Discussion in 'Strings [BG]' started by 60's Bluesman, May 10, 2010.


  1. 60's Bluesman

    60's Bluesman

    Feb 7, 2010
    Michigan
    ive heard lots of guys on here throw the name d'addario name around but ive never used them myself. im looking to get the 45-100's for my hollowbody bass. what do you guys think of them?
     
  2. Craig_S

    Craig_S Banned

    Oct 15, 2008
    Metro Detroit
    What do I think? I think you should use LaBella 760FL instead. Chromes sound good. LaBella's sound great. IMO, of course. Get them from Elderly Instruments, online.
     
  3. Mudfuzz

    Mudfuzz

    Apr 3, 2004
    OlyWA...
    I feel the exact opposite from Craig_S.
     
  4. I put a set on my Rickenbacker 4003 several months back and love them. Just wipe them off really good before putting them on.

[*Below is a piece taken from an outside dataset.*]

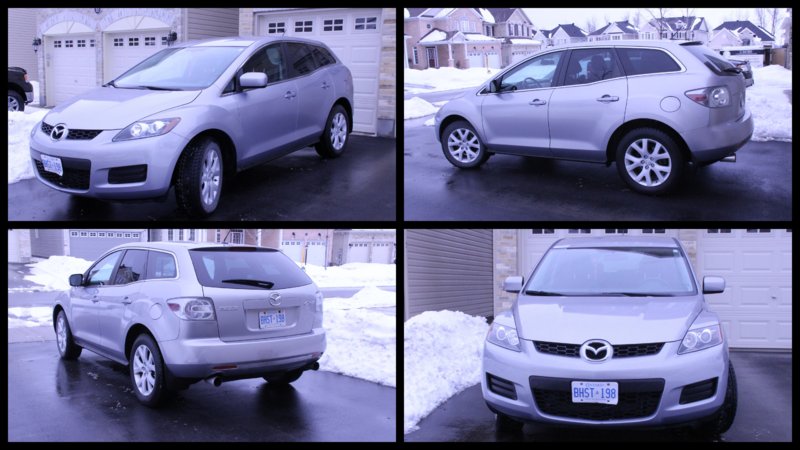 2007 MAZDA CX-7 FOR SALE.jpg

They are real dirty.
     
  5. one thing i can say is i've had one set on approx. 5 basses plus tuned flat as well as a whole step down and back up to standard,,,had some roundwounds on a used bass that i couldn't tune a step down without a super floppy E(?)

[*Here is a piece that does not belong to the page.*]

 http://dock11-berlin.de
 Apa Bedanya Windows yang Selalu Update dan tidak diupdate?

    so all i know is they are reliable,feel great,save your frets,and i think well worth a try at least,,as for tone that's in the ear of the playa(and the EQ)

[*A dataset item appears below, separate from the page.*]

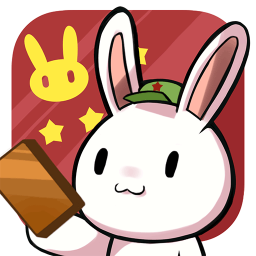 lol兔子助手下載_lol兔子換膚助手(動態換膚)v2.2最新版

    i intend to try some TI's next:D
     
  6. hdracer

    hdracer

    Feb 15, 2009
    Elk River, MN.
    I have them on 3 of my basses. Love 'em
     
  7. 60's Bluesman

    60's Bluesman

    Feb 7, 2010
    Michigan
    dirty:eyebrow: how so? what did you clean them with?
     
  8. Bass4Gsus

    Bass4Gsus

    Feb 13, 2010
    Deer Park NY
    I also feel the exact opposite from Craig_S

    I prefer the D'Addario Chromes Flatwound.

    I tried a bunch in a relatively short period of time, took notes (can't find them at the moment) and found I liked the D'Addario's the best.

    My Carvin BB75P came with Carvin Flats, and I disliked them from the beginning, and I found out later that LaBella makes them for Carvin. Perfect blind test for me.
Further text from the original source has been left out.